Ecco, nell'ambito di questa complessa riflessione critica, Buonaiuti s'era
messo a scrivere La Chiesa Romana senza nemmeno preoccuparsi
dell'editore che probabilmente pensava di cercare in Francia, dove si
annunciava la rivista di Mounier, come un suo vago accenno lascia intendere
temendo forse di non poterlo trovare in Italia sotto il nuovo clima
concordatario.
Volle il caso che
l'ultimazione del saggio coincidesse col progetto - influendovi
probabilmente nella rapida realizzazione - di una iniziativa editoriale che
si stava preparando nell'ambito dell' Associazione Cristiana dei Giovani (ACDG)
d'ispirazione evangelica.
Il pastore
valdese A. Sibille che ne era il presidente, lo stesso che aveva
incoraggiato Buonaiuti a scrivere quel saggio e a offrirgli l'insegnamento
in quella triste contingenza nella sezione romana, glielo comunicò.
Tale progetto, caldeggiato da due giovani milanesi,
mirava a rilanciare fra il pubblico italiano una libera problematica
religiosa - implicitamente legata a una
generica matrice antifascista - per «l'educazione dello spirito». Si era
allora alla prima affermazione elettorale del Partito Nazista in Germania e
da noi il fascismo inaugurava la mostra del decennale, mentre Croce
pubblicava la sua Storia d'Europa.
Quei due giovani, di confessione evangelica,
appartenevano alla sezione milanese dell'Associazione, uno di essi anzi ne
era il promotore.
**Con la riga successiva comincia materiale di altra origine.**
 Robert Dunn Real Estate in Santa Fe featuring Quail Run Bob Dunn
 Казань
Si chiamavano l'uno Ferdinando Visco Gilardi e l'altro
Fausto Noto. La nuova casa editrice pertanto si denominava «Gilardi e Noto»
con sede a Milano e una propria libreria commerciale in piazza del Duomo
dentro il palazzo dell'Hotel Metropolitan.
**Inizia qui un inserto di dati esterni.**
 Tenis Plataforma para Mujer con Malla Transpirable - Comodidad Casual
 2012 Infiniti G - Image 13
Buonaiuti fece pervenire al giovane
direttore Visco Gilardi un breve sunto del suo manoscritto, già pronto, che
fu naturalmente subito accettato sia per il contenuto critico-religioso in
perfetta linea con la «Collana delle idee» che la nuova editrice intendeva
istituire, sia per la serietà e notorietà di quel nome ritornato tanto
spesso nella polemica antecedente e susseguente ai Patti Lateranensi.
Così La Chiesa Romana
inaugurava l'attività della nuova editrice e diventava il primo titolo di
quella collana programmata che intendeva essere «una raccolta di opere
formative piuttosto che informative, tali cioè da lasciare per ogni singolo
argomento un'impronta nelle coscienze. Libri di sana cultura estranei a ogni
dilettantismo e improvvisazione come a ogni distillata accademia».
Alle «ragioni
di lucro» e all'«amore del mestiere» si anteponevano espressamente esigenze
critiche verso «ideologie assolutamente inaccettabili», facilmente
identificabili non solo nell'imperante filosofia gentiliana ma altresì nel
regime. E in ciò non si poteva non riconoscere quell'influenza buonaiutiana
che con più chiarezza appariva nell'appello finale della programmatica
premessa editoriale: «È tempo ormai che i valori dello Spirito
si ricompongano nella propria struttura ideale e ridiventino capisaldi di
certezza per le coscienze e lievito morale per le azioni».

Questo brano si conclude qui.